#### [Problem]
Once you reach the line with "Hội Chứng Edwards" in the material below, copy each line exactly up to and including the line with "Revita Glow™ Massage device for skin lifting", and skip the pictures.

#### [Source data]
○ ○ ○ ○ ○ ○ ○
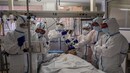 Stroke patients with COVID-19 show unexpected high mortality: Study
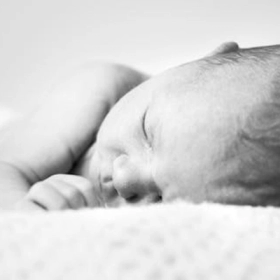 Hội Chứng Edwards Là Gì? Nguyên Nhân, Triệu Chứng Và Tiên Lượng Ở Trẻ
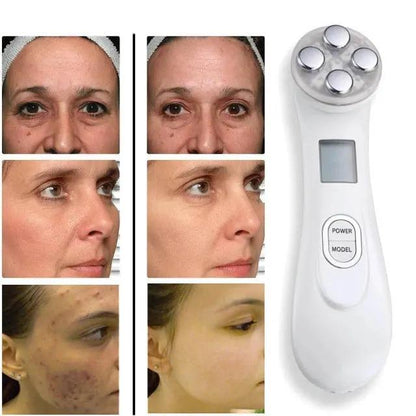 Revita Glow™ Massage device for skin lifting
○ ○ ○ ○ ○ ○ ○
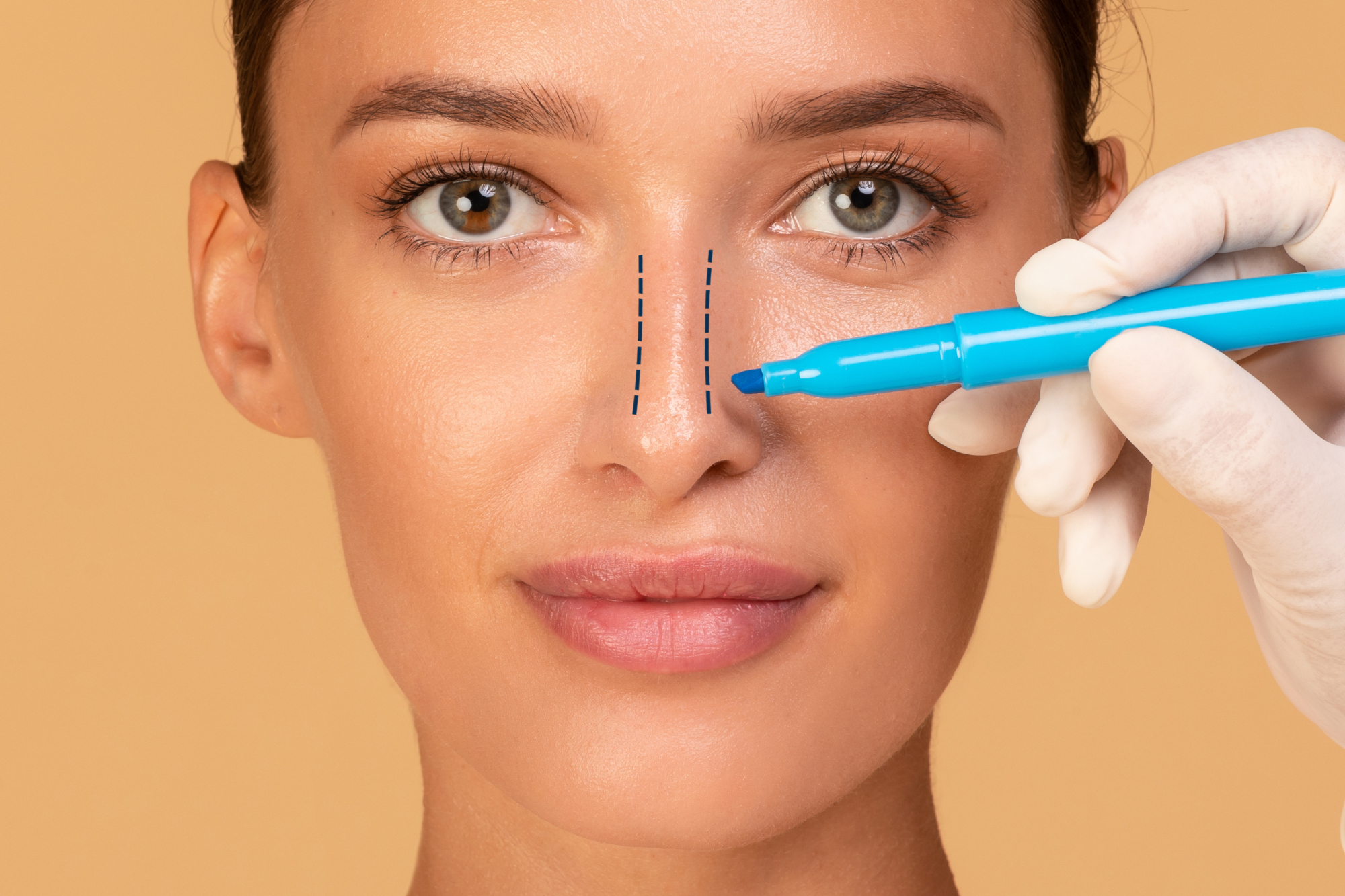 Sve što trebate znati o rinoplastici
○ ○ ○ ○ ○ ○ ○
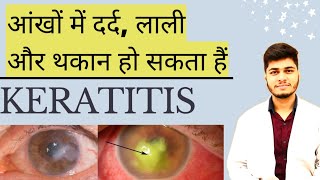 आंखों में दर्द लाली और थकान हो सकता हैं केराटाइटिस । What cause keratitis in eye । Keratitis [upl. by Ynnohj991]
○ ○ ○ ○ ○ ○ ○
#### [Answer space]
 Hội Chứng Edwards Là Gì? Nguyên Nhân, Triệu Chứng Và Tiên Lượng Ở Trẻ
 Revita Glow™ Massage device for skin lifting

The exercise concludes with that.